In short, it returns an ofVec3f containing (radiusSegments, heightSegments, capSegments) for cone polygonization.
void ofApp::draw(){
// Draw a red cone
ofSetColor(255, 0, 0);
ofFill();
ofDrawCone(ofGetWidth() * .5, ofGetHeight()* .5, 200, 300);
string coneres = ofToString(ofGetConeResolution());
ofDrawBitmapString("Cone Resolution: " + coneres, 30, 30);
//NOTE: to better see the 3D shape you need to create a light spot...
//check `ofLight' documentation
}
Documentation from code comments
Retrieve a data structure describing the resolution with which cones are polygonized.

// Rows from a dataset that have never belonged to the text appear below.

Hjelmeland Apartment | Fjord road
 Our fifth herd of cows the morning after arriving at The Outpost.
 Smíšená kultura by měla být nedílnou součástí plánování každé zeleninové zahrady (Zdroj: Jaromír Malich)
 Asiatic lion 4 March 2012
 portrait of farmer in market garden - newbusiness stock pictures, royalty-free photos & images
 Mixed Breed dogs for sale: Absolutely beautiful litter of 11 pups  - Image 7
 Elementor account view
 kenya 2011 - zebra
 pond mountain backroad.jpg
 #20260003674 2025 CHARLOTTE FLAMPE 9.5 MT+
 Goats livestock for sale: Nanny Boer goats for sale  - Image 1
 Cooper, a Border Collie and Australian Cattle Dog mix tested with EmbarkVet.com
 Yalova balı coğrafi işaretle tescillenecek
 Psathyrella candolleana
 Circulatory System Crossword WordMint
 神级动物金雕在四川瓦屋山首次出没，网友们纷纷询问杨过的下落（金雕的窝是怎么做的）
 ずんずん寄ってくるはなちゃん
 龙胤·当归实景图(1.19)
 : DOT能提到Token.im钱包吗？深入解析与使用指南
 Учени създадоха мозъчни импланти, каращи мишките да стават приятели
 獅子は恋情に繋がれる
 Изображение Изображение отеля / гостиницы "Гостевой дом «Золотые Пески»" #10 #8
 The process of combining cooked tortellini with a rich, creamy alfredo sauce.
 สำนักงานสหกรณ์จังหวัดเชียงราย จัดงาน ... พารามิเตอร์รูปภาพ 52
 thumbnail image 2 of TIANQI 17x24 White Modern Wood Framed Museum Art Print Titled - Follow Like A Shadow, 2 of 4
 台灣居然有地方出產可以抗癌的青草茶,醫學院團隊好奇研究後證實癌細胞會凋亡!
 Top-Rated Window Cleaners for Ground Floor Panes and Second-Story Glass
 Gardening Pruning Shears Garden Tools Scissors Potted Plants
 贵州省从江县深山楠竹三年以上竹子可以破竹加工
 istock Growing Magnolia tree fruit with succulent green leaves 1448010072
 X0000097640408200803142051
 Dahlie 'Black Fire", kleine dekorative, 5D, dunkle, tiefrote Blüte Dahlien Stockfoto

Allows you to fetch the resolution with which cones are polygonized. Returns an ofVec3f containing the following data: Encoded as "x": radiusSegments, the number of facets (subdivisions) around the cone's circular footprint. Encoded as "y": heightSegments, the number of subdivisions from the cone's top to bottom. Encoded as "z": capSegments, the number of annular (ring-shaped) subdivisions of the cone's endcap.
Returns: An ofVec3f containing (radiusSegments, heightSegments, capSegments) for cone polygonization.
ofGetCylinderResolution()
glm::vec3 ofGetCylinderResolution()
Allows you to fetch the resolution with which cylinder are polygonized. Returns an ofVec3f containing the following data: Encoded as "x": radiusSegments, the number of facets (subdivisions) around the cylinder’s circular footprint. Encoded as "y": heightSegments, the number of subdivisions from the cylinder’s top to bottom. Encoded as "z": capSegments, the number of annular (ring-shaped) subdivisions of the cylinder’s endcap.
In short, it returns an ofVec3f containing (radiusSegments, heightSegments, capSegments) for cone polygonization.
void ofApp::draw(){
// Draw a green cylinder
ofSetColor(0, 255, 0);
ofFill();
ofDrawCylinder(ofPoint(ofGetWidth() * .5, ofGetHeight()* .5), 50, 200);
string cylres = ofToString(ofGetCylinderResolution());
ofDrawBitmapString("Cylinder Resolution: " + cylres, 30, 30);
//NOTE: to better see the 3D shape you need to create a light spot...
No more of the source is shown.